* _The data_
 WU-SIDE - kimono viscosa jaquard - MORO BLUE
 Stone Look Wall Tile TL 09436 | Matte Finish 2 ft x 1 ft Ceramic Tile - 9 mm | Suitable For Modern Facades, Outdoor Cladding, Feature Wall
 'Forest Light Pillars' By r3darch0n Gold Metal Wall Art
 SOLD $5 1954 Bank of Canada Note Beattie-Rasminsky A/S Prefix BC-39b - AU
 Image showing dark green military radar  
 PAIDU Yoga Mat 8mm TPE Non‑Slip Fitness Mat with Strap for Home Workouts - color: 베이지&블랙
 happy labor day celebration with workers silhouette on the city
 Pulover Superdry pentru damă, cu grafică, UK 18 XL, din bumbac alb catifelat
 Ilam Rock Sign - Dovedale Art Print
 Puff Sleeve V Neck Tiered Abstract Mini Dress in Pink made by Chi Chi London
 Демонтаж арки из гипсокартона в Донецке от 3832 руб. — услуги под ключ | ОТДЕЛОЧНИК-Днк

* _Goal of the exercise_
Of the entries above, repeat exactly the lines between the line with "Stone Look Wall" and the line with "Puff Sleeve V", inclusive, and no others.

* _Result of this task_
 Stone Look Wall Tile TL 09436 | Matte Finish 2 ft x 1 ft Ceramic Tile - 9 mm | Suitable For Modern Facades, Outdoor Cladding, Feature Wall
 'Forest Light Pillars' By r3darch0n Gold Metal Wall Art
 SOLD $5 1954 Bank of Canada Note Beattie-Rasminsky A/S Prefix BC-39b - AU
 Image showing dark green military radar  
 PAIDU Yoga Mat 8mm TPE Non‑Slip Fitness Mat with Strap for Home Workouts - color: 베이지&블랙
 happy labor day celebration with workers silhouette on the city
 Pulover Superdry pentru damă, cu grafică, UK 18 XL, din bumbac alb catifelat
 Ilam Rock Sign - Dovedale Art Print
 Puff Sleeve V Neck Tiered Abstract Mini Dress in Pink made by Chi Chi London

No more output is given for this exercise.